[What the task asks]
Could you extract every entry below and reproduce it exactly?

[Extracted data entries]
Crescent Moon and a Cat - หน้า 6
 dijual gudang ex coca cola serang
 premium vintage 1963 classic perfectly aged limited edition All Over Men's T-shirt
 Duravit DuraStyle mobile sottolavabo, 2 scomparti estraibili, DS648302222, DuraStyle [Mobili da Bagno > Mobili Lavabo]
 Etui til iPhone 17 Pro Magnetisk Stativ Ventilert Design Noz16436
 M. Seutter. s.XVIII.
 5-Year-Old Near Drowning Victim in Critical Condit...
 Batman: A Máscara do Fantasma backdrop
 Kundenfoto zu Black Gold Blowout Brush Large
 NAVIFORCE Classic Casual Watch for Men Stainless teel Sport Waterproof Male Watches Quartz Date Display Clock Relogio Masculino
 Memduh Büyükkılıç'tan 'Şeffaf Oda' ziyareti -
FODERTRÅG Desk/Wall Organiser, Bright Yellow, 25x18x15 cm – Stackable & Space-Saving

[Completed task]
Crescent Moon and a Cat - หน้า 6
 dijual gudang ex coca cola serang
 premium vintage 1963 classic perfectly aged limited edition All Over Men's T-shirt
 Duravit DuraStyle mobile sottolavabo, 2 scomparti estraibili, DS648302222, DuraStyle [Mobili da Bagno > Mobili Lavabo]
 Etui til iPhone 17 Pro Magnetisk Stativ Ventilert Design Noz16436
 M. Seutter. s.XVIII.
 5-Year-Old Near Drowning Victim in Critical Condit...
 Batman: A Máscara do Fantasma backdrop
 Kundenfoto zu Black Gold Blowout Brush Large
 NAVIFORCE Classic Casual Watch for Men Stainless teel Sport Waterproof Male Watches Quartz Date Display Clock Relogio Masculino
 Memduh Büyükkılıç'tan 'Şeffaf Oda' ziyareti -
FODERTRÅG Desk/Wall Organiser, Bright Yellow, 25x18x15 cm – Stackable & Space-Saving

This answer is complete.